One important clinical translation of a better understanding of the relationship between angiogenesis and leukemia is in the realm of improved diagnostics. Currently bone marrow biopsies and repeated blood draws are the mainstay for diagnosis, prognosis, and response assessment. With advent of new biologics that have antiangiogenic and antivascular activity, there is a calling for novel biomarkers and methods to measure response and predict for responders. Through the development of a pre-treatment biomarker screening method, we may be able to utilize existing and future antiangiogenic agents to their full potential on a more personalized basis.
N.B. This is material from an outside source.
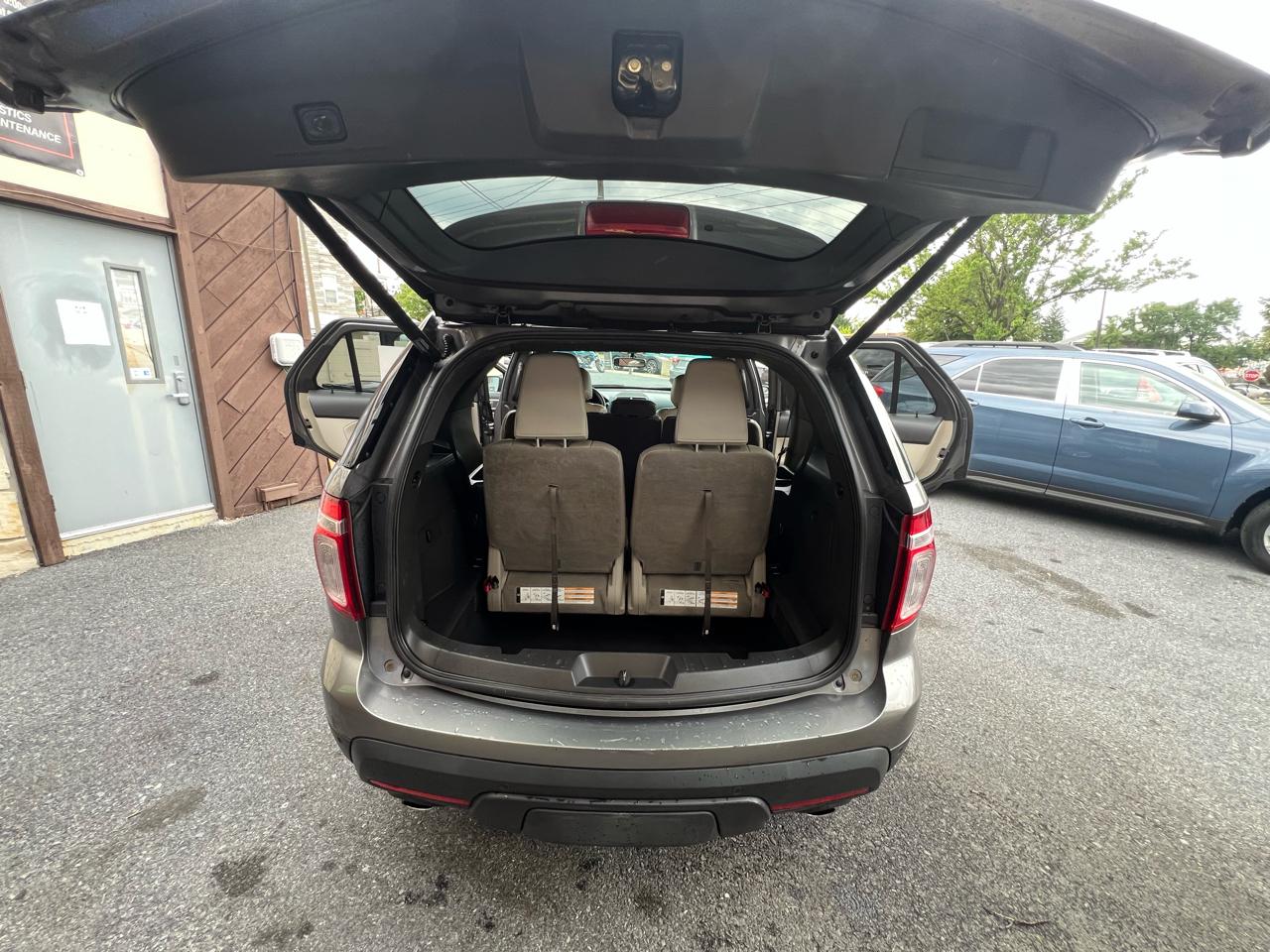 Ford Explorer XLT 4WD 2013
Another clinical translational consideration is how to assess treatment response after administering vascular targeting agents in AML. Currently, there are no established methods. Consider that the primary target is bone marrow blood vessels, it would reason to follow that changes in bone marrow vascularity indicate treatment response. However, there are several methods to quantify bone marrow vascular activity. Serial bone marrow biopsies for measurement of microvessel density, EC function, and angiogenic cytokinesare involve procedures that are painful and possibly affected by sampling area. Furthermore, histologic and biochemical testing takes time and do not provide results in real time. Another method to monitor bone marrow blood vessel activity is via serial computed tomography (CT) scans. However, this method exposes the patient to harmful ionizing irradiation and intravenous contrast carries the risk for nephrotoxic reactions. Magnetic resonance imaging (MRI) is another method to measure changes in bone marrow blood vessels. This method is rapid and does not deliver harmful ionizing irradiation. Moreover, the risks of a contrast (gadolinium) toxicity is lower than with CT scans. Recently, two groups have shown early data that dynamic contrast enhanced- (DCE-) MRI can be used to assess bone marrow vascular perfusion and predict for response to chemotherapy [51, 52].
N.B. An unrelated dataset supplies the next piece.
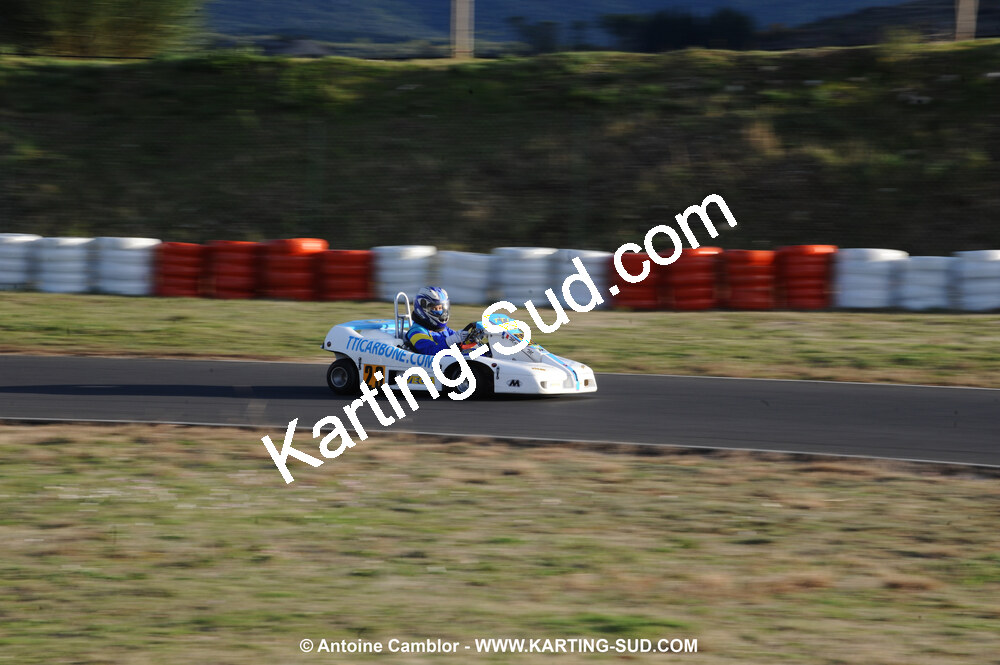 08/11/2009 : 5ème manche du Championnat du Sud 2009 à Ganges (photos Antoine Camblor) 2009 — karting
The last clinical translational consideration is that many of the vascular targeting clinical studies in AML have lacked investigation of mechanisms of action. It is assumed that the administered antivascular agents operated through blood vessel targeting mechanisms, but without an accurate measurement of response this theory has yet to be proven. Thus, it is imperative that rationally designed biomarkers be used to evaluate response to vascular targeting agents. In addition, AML cells themselves can aberrantly express an endothelial-like phenotype, and therefore may be direct targets of vascular targeting agents.
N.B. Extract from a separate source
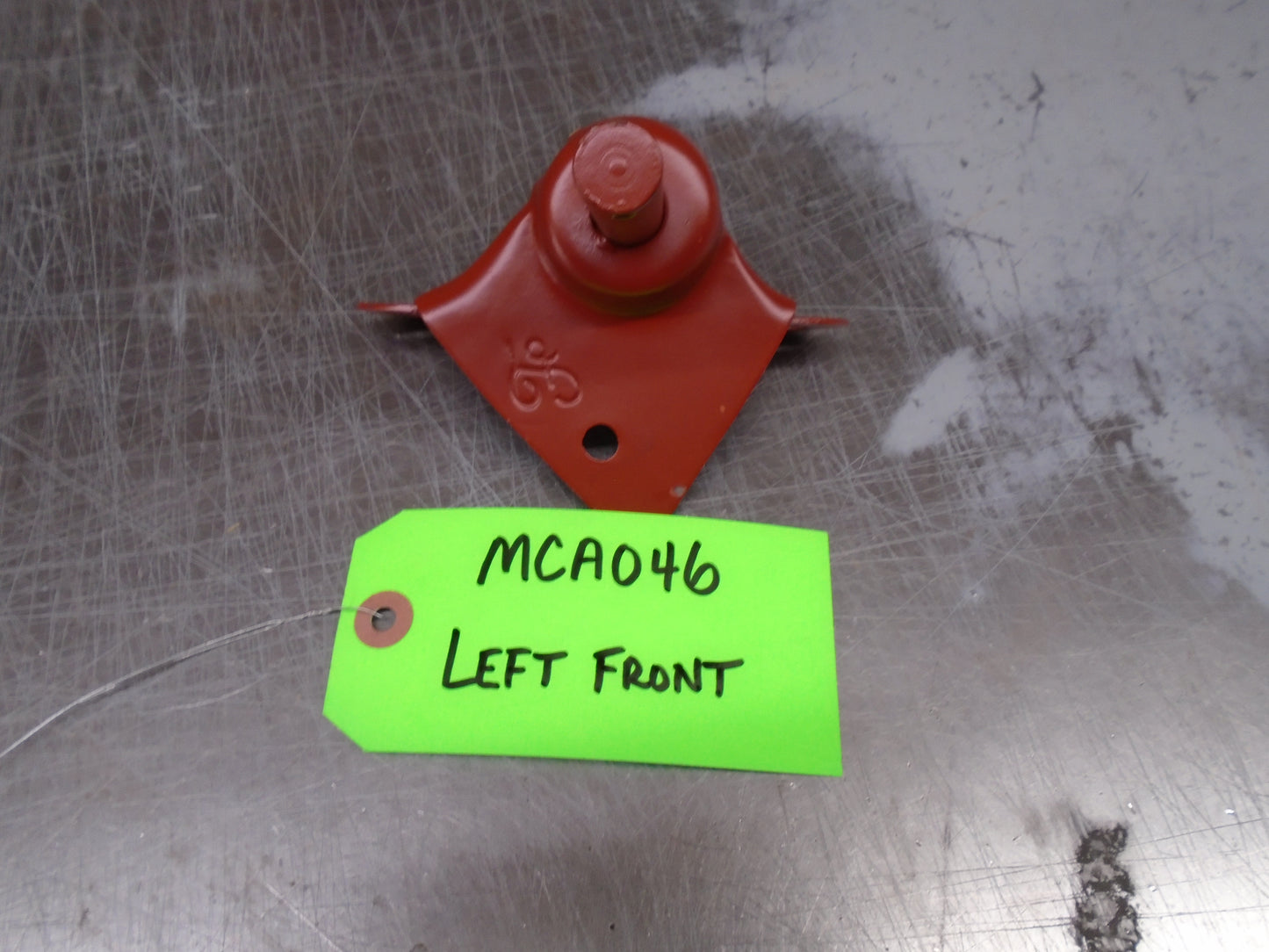 GPW Left Front Shock Mount Bracket MCA046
Finally, defining how leukemia exploits the bone marrow vascular niche may lead to promising new therapeutics. We have already translated the vascular disrupting agent, CA1P (OXi4503), into the clinic, and there are many more on the way. As with many antiangiogenic and antivascular agents, cytopenias have been observed in early clinical studies. This is to be expected considering the crosstalk between angiogenesis and hematopoiesis. Therefore, the application of these novel agents into the leukemia unit and clinic will require careful administration and an “induction” mindset. Blood product transfusions and prophylactic antibiotics will likely be required in these AML patients. However, with adequate support, these agents may show promising results over time.